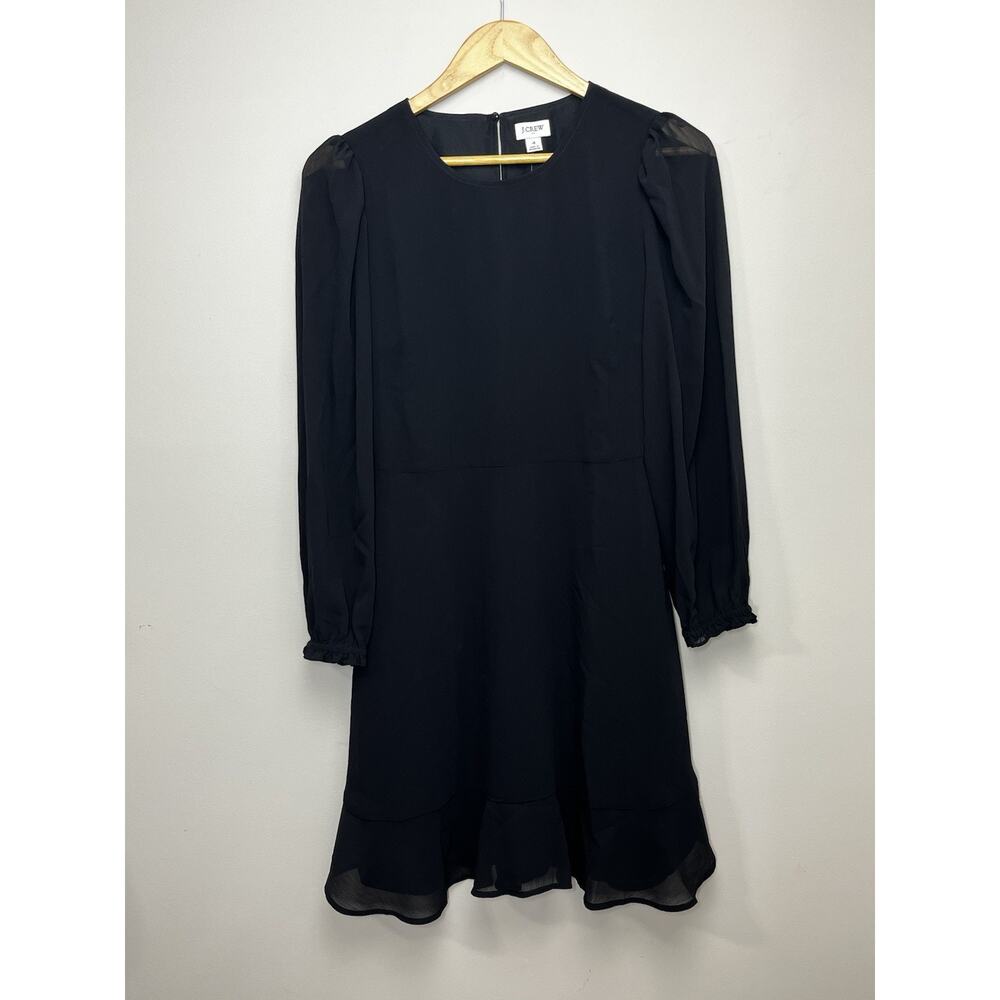 J Crew Mini Dress with Flounce Hem Size 4 Black Sheer Puff Sleeve Flowy Dainty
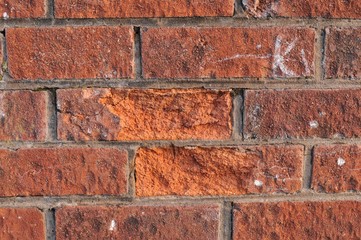 Old Broken Red Brick Wall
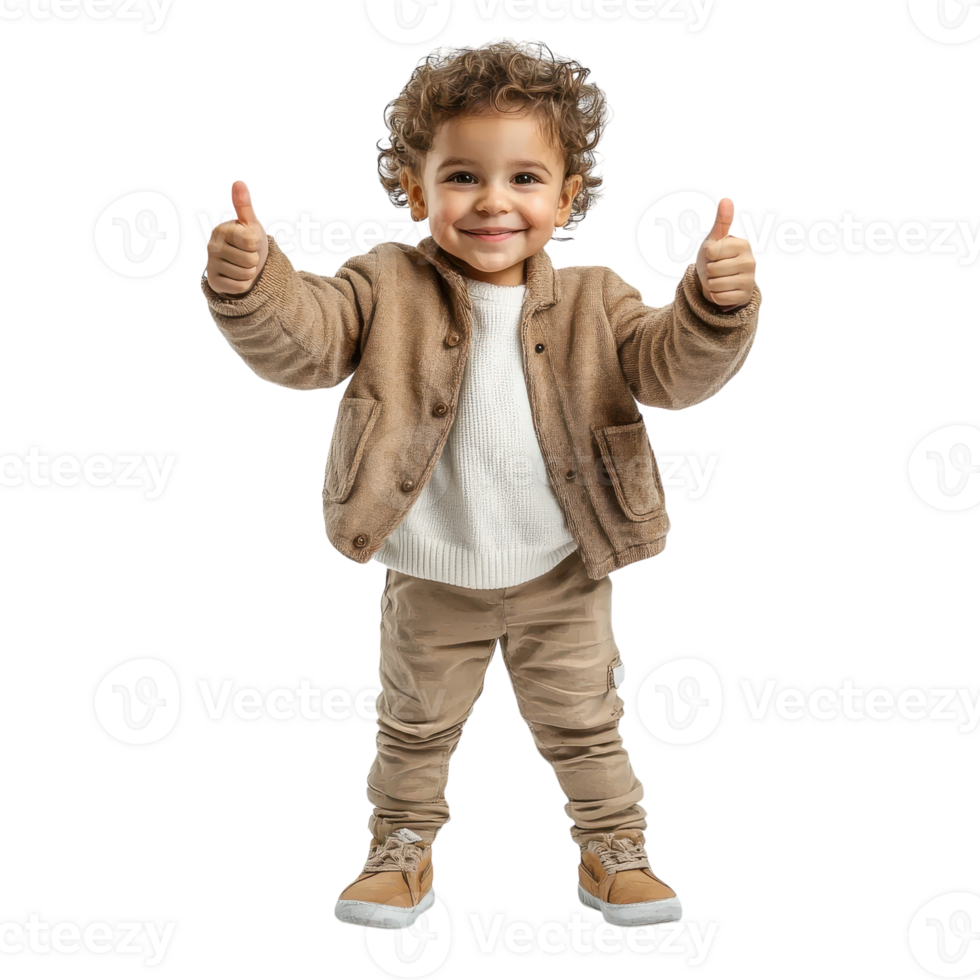 Cheerful Smiling Kid Showing Thumbs Up for Positive Vibes on transparent background png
--------------------------------
→ Task item
Print every line above once more, exactly. Omit the pictures.

→ Reply
 J Crew Mini Dress with Flounce Hem Size 4 Black Sheer Puff Sleeve Flowy Dainty
 Old Broken Red Brick Wall
 Cheerful Smiling Kid Showing Thumbs Up for Positive Vibes on transparent background png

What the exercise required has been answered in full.